Le cadre de ce récit d'ailleurs pourrait tout pareillement nous tromper. Tout se passe sur une île de la Tyrrhénienne, l'île d'Ischia, au large de Naples, avec ses bateaux de pêche, l'été, les vacances, les pieds nus, une guitare qui n'est jamais loin, l'insouciance, un endroit paisible, heureux, presque endormi, et en arrière-pays la fin de l'enfance, l'adolescence qui s'éveille sur le sable fin, les filles dont on rêve déjà, les premiers émois amoureux en pensant au reflet du soleil sur leur peau nacrée...
Je dois avouer que j'ai craint tout d'abord lire une bluette estivale...
Mais l'histoire se passe dans les années cinquante. L'écho de la seconde guerre mondiale résonne encore dans les mémoires, le fascisme aussi... Nous sommes dans l'Italie juste après la guerre, celle qui panse ses plaies, voudrait tourner la page, oublier, passer à autre chose... Brusquement une jeune fille sort de l'horizon avec son histoire, écorchée. Elle s'appelle Caia, elle est roumaine, elle est juive. le narrateur en tombe éperdument amoureux, tout comme son copain Daniele, presque comme un grand frère pour lui. Mais c'est un tout autre rendez-vous qui l'attend. Un saut dans le monde adulte, la surprise d'un battement de coeur qui se trouve pris dans la nasse des souvenirs douloureux qu'on croyait éteints. Il ne tardera pas à découvrir que Caia est orpheline.

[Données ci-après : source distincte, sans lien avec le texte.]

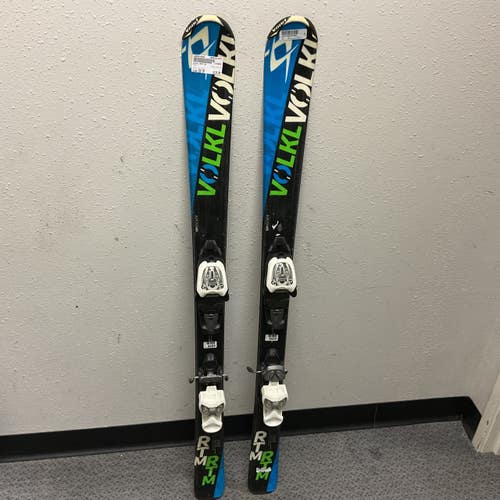 Used Volkl RTM JR Boys DH Ski/Binding Navy Blue 120 cm 11855-S000210656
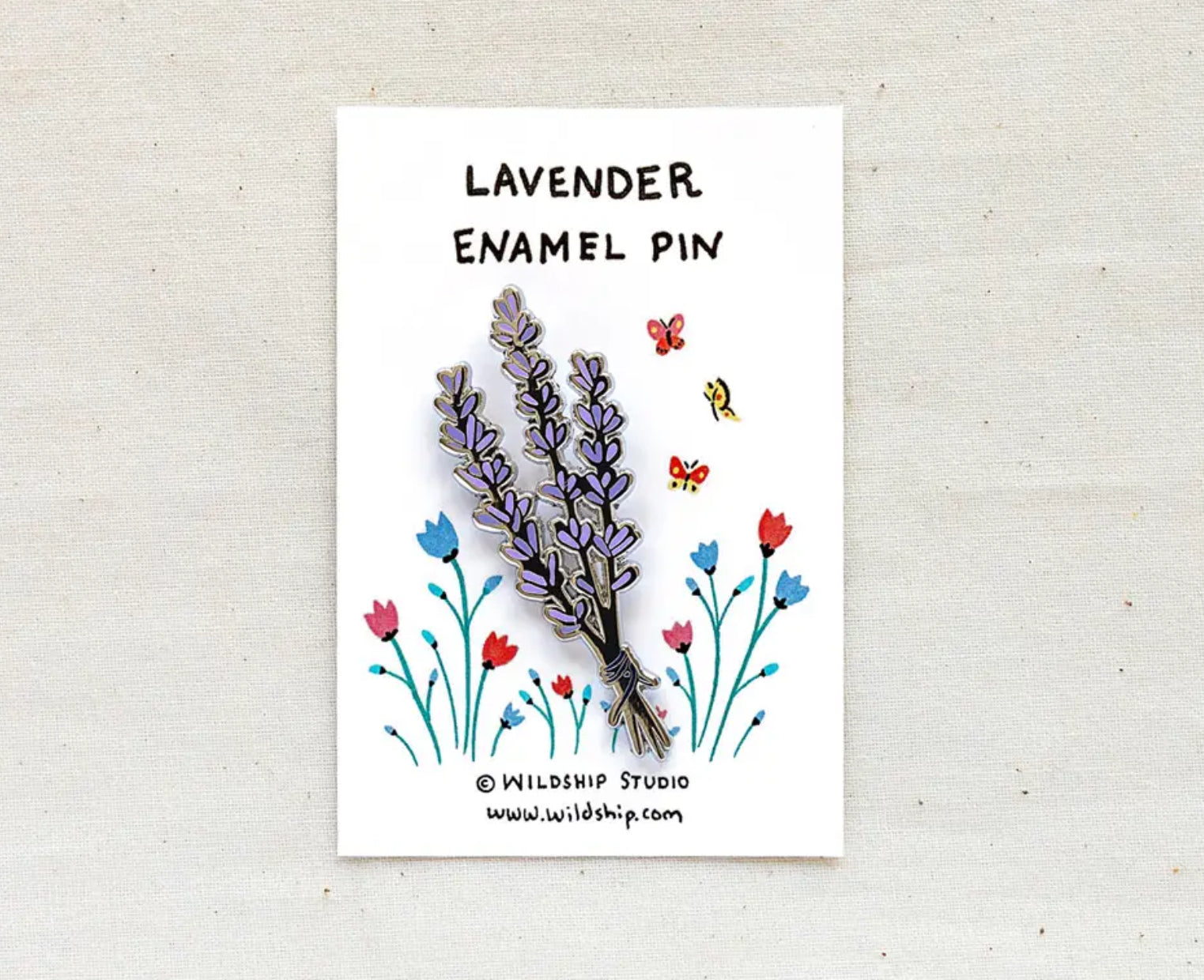 Lavender Enamel Pin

Il y a tout d'abord cette amitié très forte avec Nicola, le pêcheur. J'ai beaucoup aimé ce personnage mutique, la patience des marins qui vient dans ses yeux, dans ses gestes. Il a connu la guerre, il s'en souvient comme si c'était hier. Son coeur est hanté par le remords d'avoir combattu dans le mauvais camp. D'ailleurs, c'était hier ou presque. Les plaies sont encore à vif, il ne suffit pas de grand-chose pour éveiller les blessures dans le désordre de la mémoire. La mémoire, c'est comme du sel qu'on jette sur les cicatrices...
C'est l'été. Entre les sorties de pêche et la fête le soir en bord de mer, les jours passent avec lenteur. Parfois au loin une chanson s'élève en sourdine dans l'air moite. Pour le narrateur, c'est l'été de ses seize ans. Brusquement, il est admis à entrer dans un autre monde, celui de s'approcher des jeunes filles, espérer un baiser et peut-être plus encore...

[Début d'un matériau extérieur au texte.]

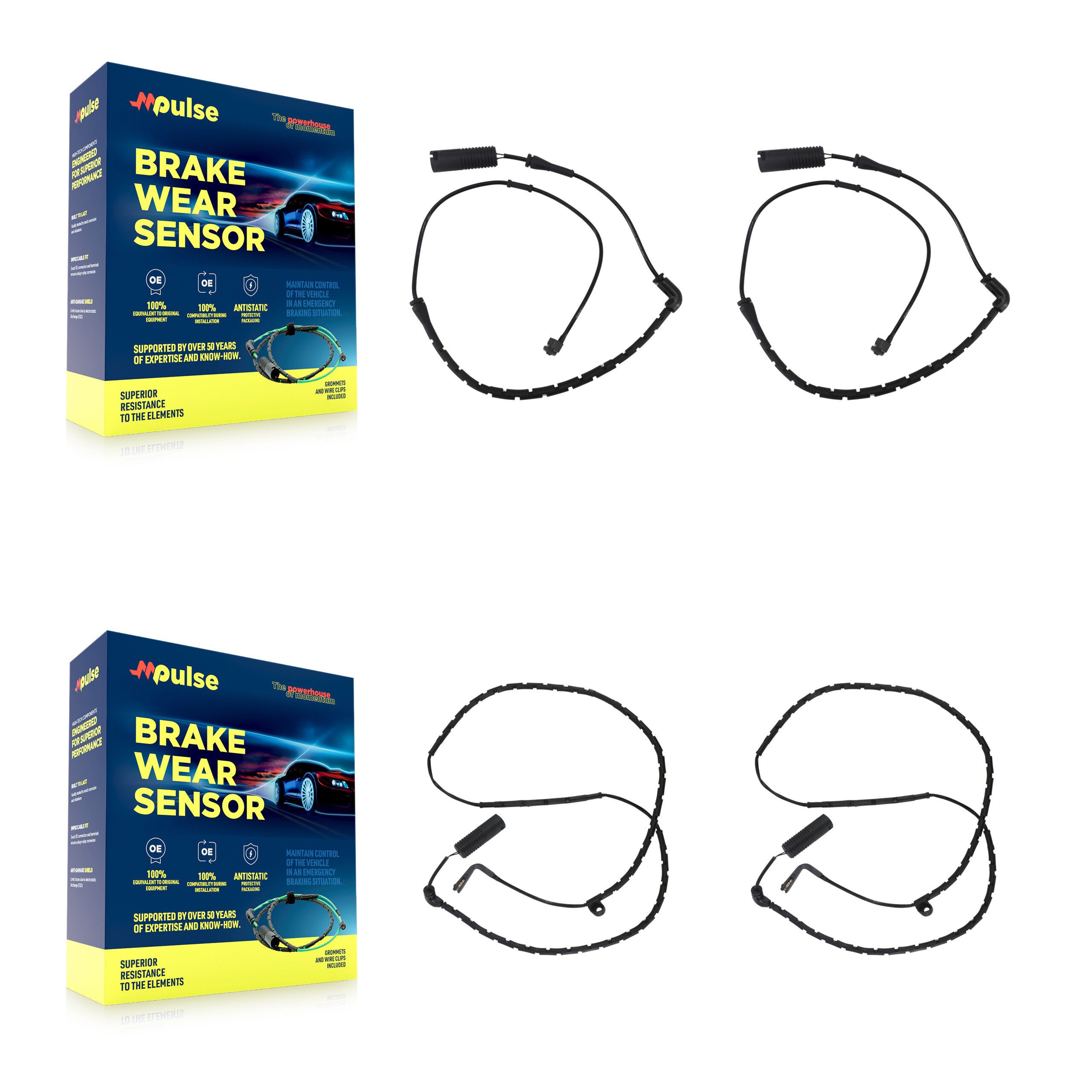 Mpulse KSE-100221 Disc Brake Pad Wear Sensor for 2006-2009 Land Rover Range Rover - Front and Rear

Le passé des personnages surgit parfois empli comme une vague, comme le sirocco que l'on voit s'éveiller et souffler brusquement venant du large, celui que l'on craint ; c'est un passé chargé d'échos et de douleur.
Caia aussi, derrière l'insolence de sa jeunesse, traîne derrière elle un passé qui la hante comme une ombre qui passe de temps en temps dans ses yeux, éteint un bref instant le soleil qui s'y penchait. Il y a le souvenir de son père qu'elle retrouve dans les yeux du narrateur et contre toute attente, c'est un tout autre amour qui naît entre ces deux-là... quelque chose de presque filial, un lien secret, invisible, comme une promesse, quelque chose qui protège du malheur.

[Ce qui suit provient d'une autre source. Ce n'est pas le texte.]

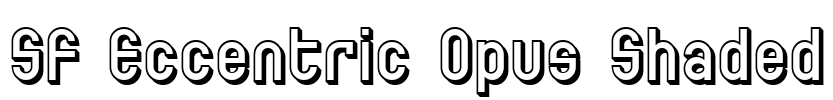 SF Eccentric Opus Shaded Font Image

Il y a dans ce récit initiatique, solaire, quelque chose qui tient d'une étrangeté presque onirique. L'écriture poétique d'Erri de Luca enrobe les gestes de ce garçon et de cette fille qui font l'apprentissage d'un amour pas comme les autres.
J'ai aimé ce récit d'un premier amour raconté avec beaucoup de délicatesse, comme une manière de dénoncer la barbarie humaine. Tendre et bouleversant à la fois.